About this task =
Starting at the line that contains "2x Pixel style rainbow star stickers" and stopping at the line that contains "Vintage Glass Pendant", transcribe every line of the material below exactly; pictures stay out.

Data shown =
[Start of section]

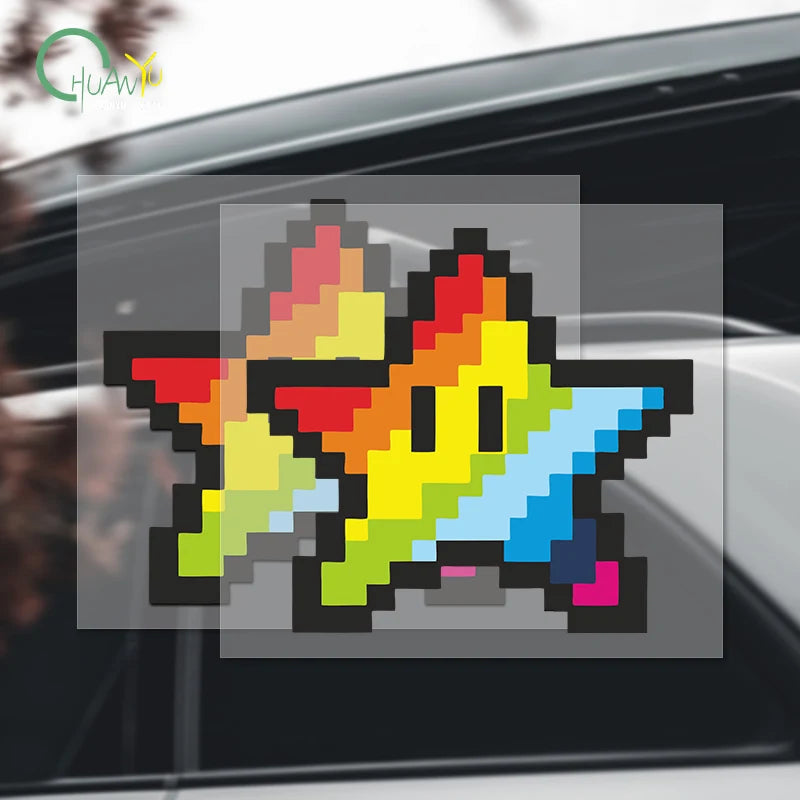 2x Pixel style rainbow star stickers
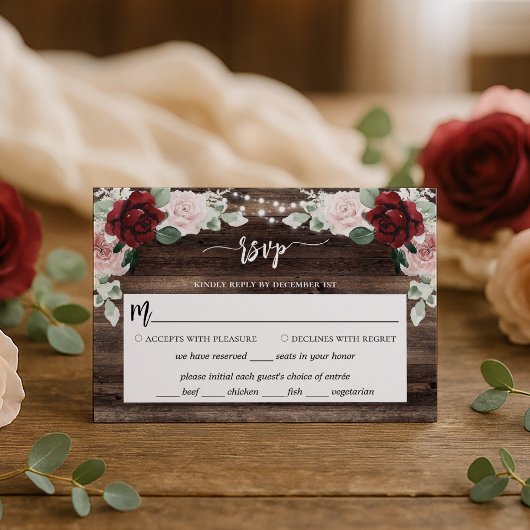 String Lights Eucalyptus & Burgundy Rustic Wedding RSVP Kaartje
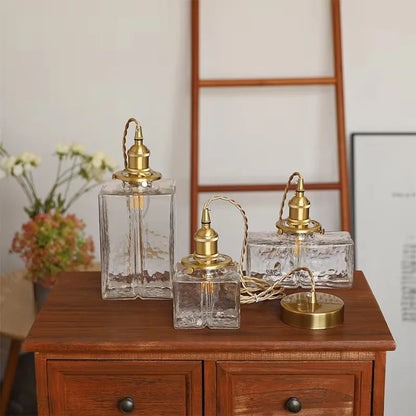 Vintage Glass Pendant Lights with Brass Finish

[End of section]
[Start of section]

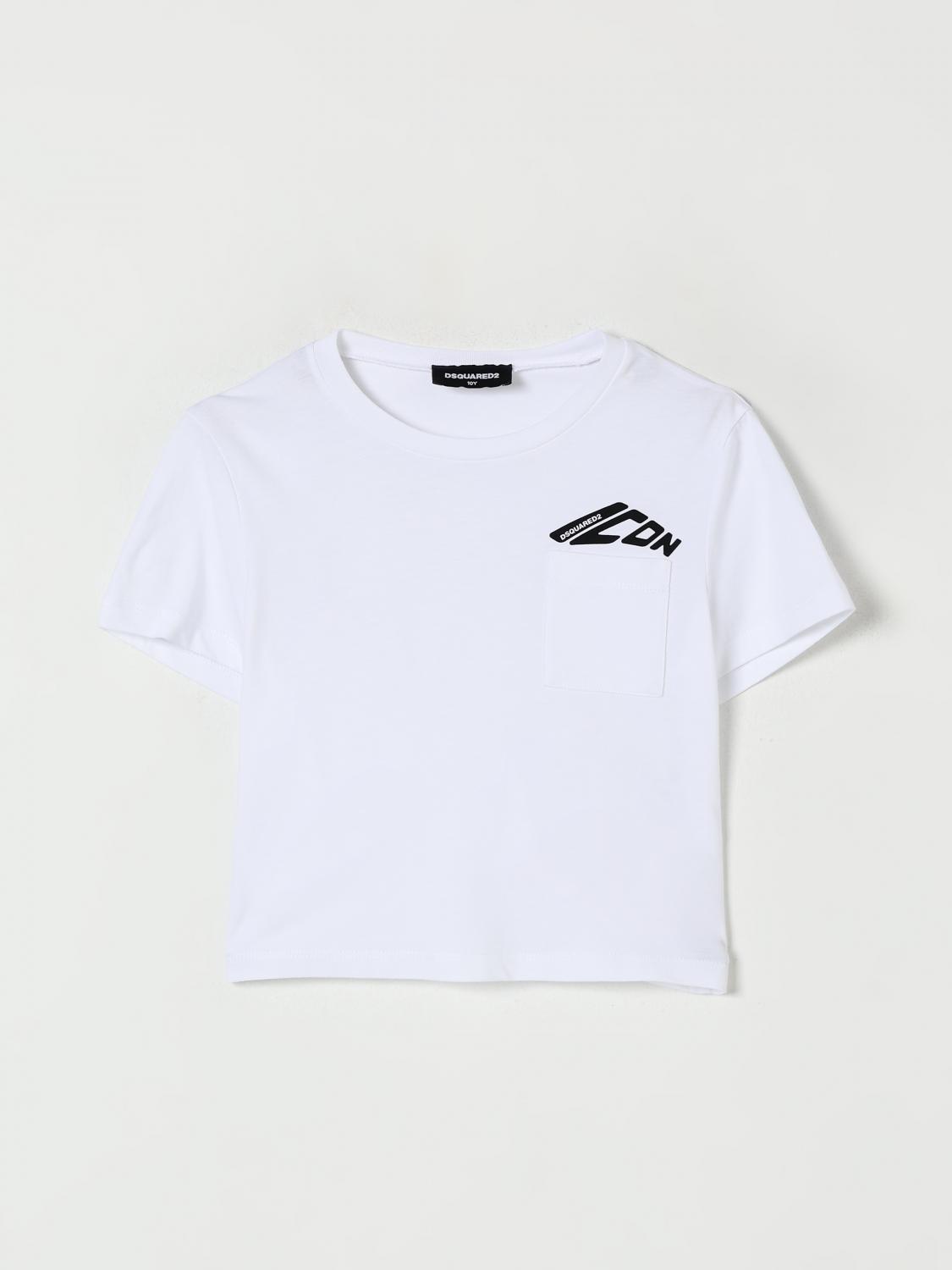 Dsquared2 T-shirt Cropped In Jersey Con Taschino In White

[End of section]
[Start of section]

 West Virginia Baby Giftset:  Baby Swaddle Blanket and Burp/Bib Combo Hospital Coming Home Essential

[End of section]

Solution to the problem =
 2x Pixel style rainbow star stickers
 String Lights Eucalyptus & Burgundy Rustic Wedding RSVP Kaartje
 Vintage Glass Pendant Lights with Brass Finish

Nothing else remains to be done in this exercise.